Driver Ojol Tuntut Dapat THR Setara UMP, Hal ini Respons Kemnaker

JAKARTA – Menteri Ketenagakerjaan Yassierli didampingi Wakil Menteri Ketenagakerjaan, Immanuel Ebenzer meminta masuk demonstran yang menyelenggarakan aksi menuntut Tunjangan Hari Raya ( THR ) untuk driver ojol setara Upah Minimum Provinsi (UMP).
Dia menegaskan, pemerintah berjanji menciptakan lapangan kerja yang tersebut berkualitas, sebagaimana tertuang pada acara Asta Cita Presiden poin ke-3. Salah satu langkah konkret di mewujudkan hal yang disebutkan adalah meyakinkan setiap pekerja mendapatkan jaminan sosial, kepastian upah, kemudian kesejahteraan yang tersebut layak.
Menurutnya, isu kesejahteraan pengemudi online telah dilakukan menjadi salah satu prioritas Kemnaker sejak awal kepemimpinannya. Berbagai kajian telah terjadi dilakukan, termasuk diskusi dengan pakar lalu Organisasi Perburuhan Internasional (ILO), guna memahami kebijakan di tempat negara lain terkait pekerja wadah digital.

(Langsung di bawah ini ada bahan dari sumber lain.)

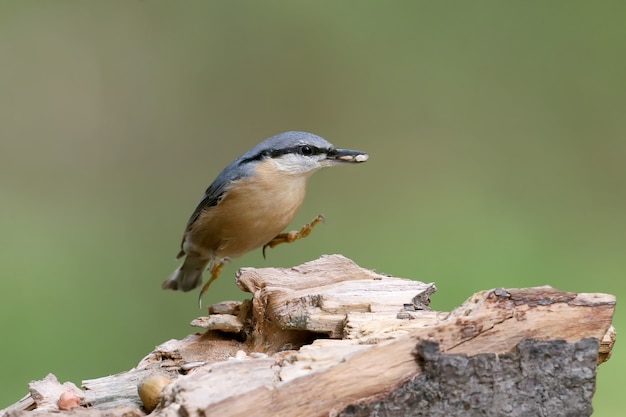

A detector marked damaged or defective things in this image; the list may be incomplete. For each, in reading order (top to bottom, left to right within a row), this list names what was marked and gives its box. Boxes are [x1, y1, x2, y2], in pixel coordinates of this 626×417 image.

splintered wood [3, 254, 616, 416]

Menaker menekankan pentingnya kepastian regulasi bagi pengemudi online agar kesejahteraan merekan bukan cuma bergantung pada THR, tetapi juga mencakup pemeliharaan dan juga hak-hak lainnya.
“THR itu budaya kita. Saya mampu membayangkan, di dalam akhir Ramadan, anak nanya terhadap ayahnya, ‘THR Bapak mana?’ itu pasti kita rasakan. Ini adalah adalah tanggung jawab kita bersama,” ujar Menaker dihadapan para driver Ojol, Awal Minggu (17/2/2025).
Menaker juga menyoroti pentingnya keberpihakan pengusaha perusahaan terhadap pengemudi online. Pengalaman pribadinya sebagai pengguna layanan transportasi online, dan juga latar belakang Wamenaker yang digunakan pernah menjadi pengemudi online memberikan perspektif yang lebih tinggi mendalam pada memahami aspirasi pekerja di area sektor ini.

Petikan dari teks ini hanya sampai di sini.